The SF70H, the 63rd single-seater designed and built by Scuderia Ferrari to take part in the Formula 1 World Championship, may resemble many of its ancestors but is radically different in some key ways.
In an effort to make the cars more competitive and provide fans more exciting racing, rule changes for the 2017 F1 campaign have resulted in cars that have more aerodynamic downforce and more mechanical grip, forcing designers and engineers to find the right compromise between downforce and aerodynamic resistance. Adding to the challenge is a wider set of Pirelli tires, six centimeters wider in the front and eight at the rear. This increased frontal area constitutes a “brake” on forward motion as does the increased downforce coming from the 2017 specification front wing, floor and diffuser. Countering this effect, the combination of downforce and the bigger footprint from the tires translates into increased grip, leading to higher cornering speeds.
There are several obvious differences between the SF70H and Ferraris from the recent past.

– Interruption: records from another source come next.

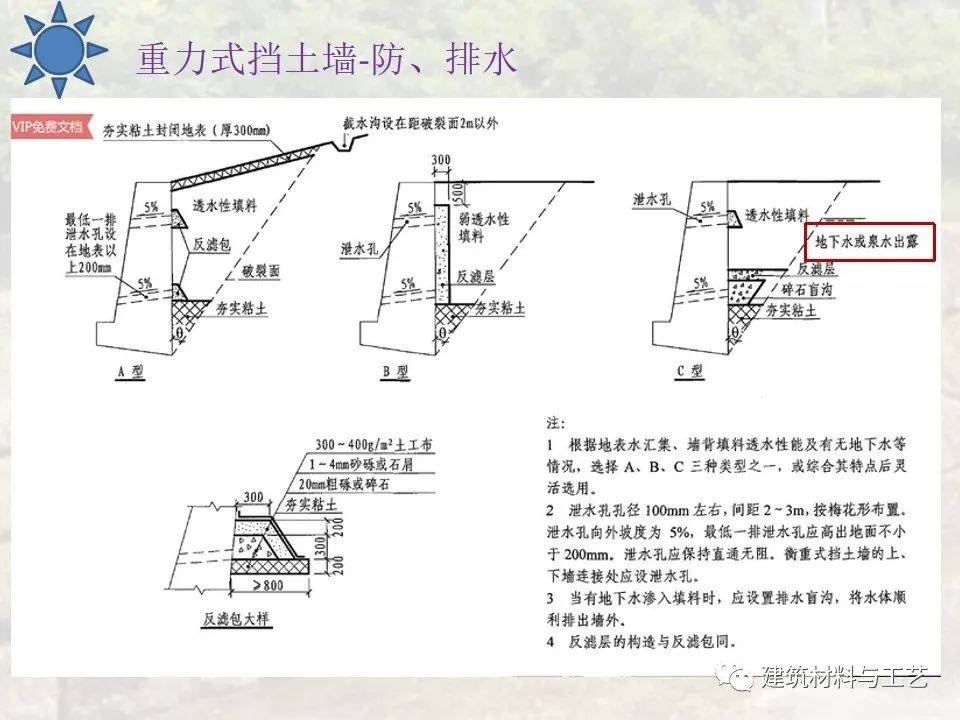 挡土墙图集04j008解析,使用类型,构造做法,试用范围全总结!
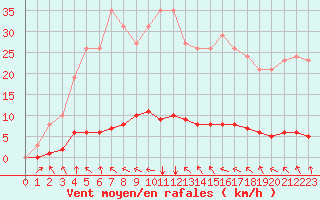 Courbe de la force du vent pour Lasfaillades (81)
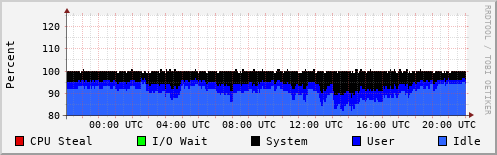 CPU Usage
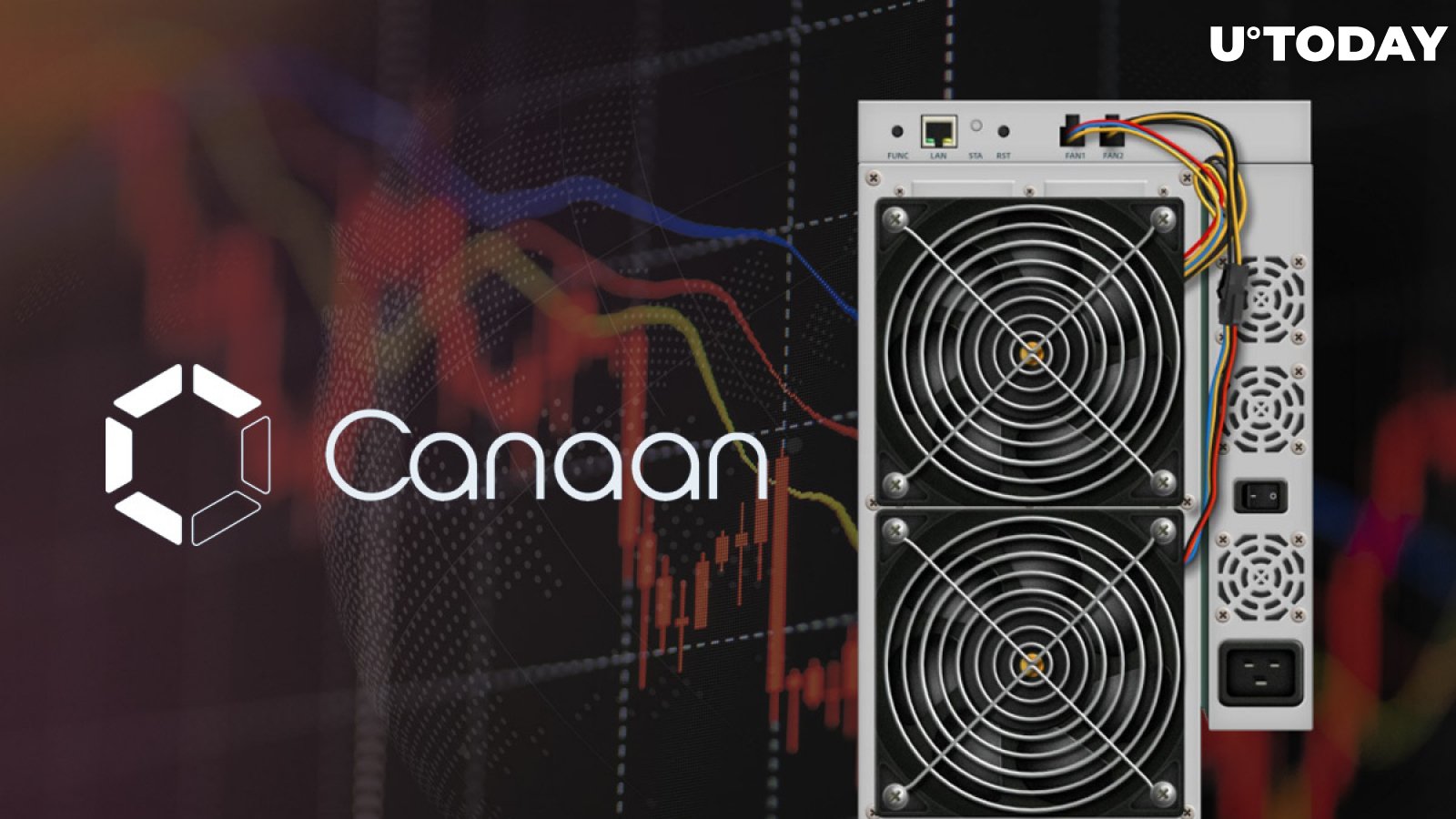 Bitcoin Miner Manufacturer Canaan Sees Its Q1 Revenue Drop 80 Percent from 2019, Insider Says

The lengthened nose and the arrow-shaped wing are a consequence of the regulations, as is the obvious fin on the engine cover and the more complex aero appendages ahead of the air intakes on the sidepods, whose unusual shape was designed in harmony with the front crash structure. Visible at the front is a duct that has an aerodynamic role, while behind the driver, the roll-hoop, which incorporates the engine air intake has been completely redesigned.
Also updated is the suspension layout, which still retains a push rod design at the front with pull rods at the rear. The hubs and wheel nuts have been redesigned to facilitate the work of the mechanics when changing wheels during the pit stops. Finally, also as a function of the expected increase in performance this year, the power steering and braking systems have been upsized.
In contrast to the aerodynamics, when it comes to the power unit, there have been few changes to the regulations. The main one concerns the amount of fuel that can be used by each car during the race: with the predicted increase in performance, with a bigger percentage of each lap spent at full revs, the permitted amount of fuel has increased from 100 to 105 Kg, although the flow rate is still fixed at 100 kg/hour. The 062 engine, a 1.6-liter, turbocharged V6 with a rev limit of 15,000 RPMs, is a definite step forward compared to its predecessor, when it comes to chasing performance. The layout of some of the mechanical components on the hybrid power unit has been revised, while other areas maintain a similar layout to the 2016 car.
On the sporting regulation front, the abolition of the “Token” system allows the teams more room for development over the course of the season.